Unnamed: 0,Name,Won,Total,Avg
1631105,Duren,10,12,0.833333
1628418,Bryant,1,4,0.250000
1630209,Yurtseven,1,3,0.333333
1630596,Mobley,3,7,0.428571
1631109,Williams,12,20,0.600000
...,...,...,...,...
203488,Muscala,0,1,0.000000
1630567,Barnes,0,1,0.000000
201577,Lopez,0,1,0.000000
1630191,Stewart,0,2,0.000000


Here we have the dataframe with the avg of jumpballs won of each player who has jumped at least once.

In [238]:
name = "Gobert"
jb_analytics[jb_analytics["Name"].str.contains(name)]

Unnamed: 0,Name,Won,Total,Avg
203497,Gobert,11,21,0.52381


In [243]:
name = "Markkanen"
jb_analytics[jb_analytics["Name"].str.contains(name)]

Unnamed: 0,Name,Won,Total,Avg
1628374,Markkanen,0,7,0.0


I am going to leave this project like this, but it would be interesting to follow it with who is more likely to score the first basket.
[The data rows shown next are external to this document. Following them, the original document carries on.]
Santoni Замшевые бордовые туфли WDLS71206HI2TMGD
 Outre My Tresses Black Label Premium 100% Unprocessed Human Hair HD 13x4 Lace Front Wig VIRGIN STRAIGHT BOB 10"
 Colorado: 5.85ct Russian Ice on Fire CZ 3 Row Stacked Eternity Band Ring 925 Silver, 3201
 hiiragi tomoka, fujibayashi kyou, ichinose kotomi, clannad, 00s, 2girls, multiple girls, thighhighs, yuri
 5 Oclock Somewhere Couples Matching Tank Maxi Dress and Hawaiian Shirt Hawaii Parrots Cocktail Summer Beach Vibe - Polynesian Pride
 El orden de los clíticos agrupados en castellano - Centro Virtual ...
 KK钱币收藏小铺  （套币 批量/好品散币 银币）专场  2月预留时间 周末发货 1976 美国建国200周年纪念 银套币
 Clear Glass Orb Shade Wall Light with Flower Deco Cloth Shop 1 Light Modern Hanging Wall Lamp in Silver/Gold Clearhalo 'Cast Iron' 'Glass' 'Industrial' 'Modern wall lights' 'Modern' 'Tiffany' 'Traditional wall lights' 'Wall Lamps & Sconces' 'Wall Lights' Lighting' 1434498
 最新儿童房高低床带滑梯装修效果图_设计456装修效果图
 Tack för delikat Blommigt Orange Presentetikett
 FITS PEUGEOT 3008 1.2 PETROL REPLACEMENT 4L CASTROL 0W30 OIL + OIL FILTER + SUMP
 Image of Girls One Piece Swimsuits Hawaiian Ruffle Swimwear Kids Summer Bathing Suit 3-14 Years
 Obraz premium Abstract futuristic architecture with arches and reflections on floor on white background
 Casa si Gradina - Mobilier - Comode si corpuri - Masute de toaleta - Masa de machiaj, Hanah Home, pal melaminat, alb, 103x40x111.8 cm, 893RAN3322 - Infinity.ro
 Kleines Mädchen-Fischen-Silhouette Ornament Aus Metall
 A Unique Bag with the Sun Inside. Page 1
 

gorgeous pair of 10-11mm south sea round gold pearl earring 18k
The following steps of this project would be:
- Get the play by play of every game and get how many tries need each team to score the first basket.
- Then, get which player is the most likely to do so.
- Get a metric of these three values (jumpball, first team to score, player most likely to score).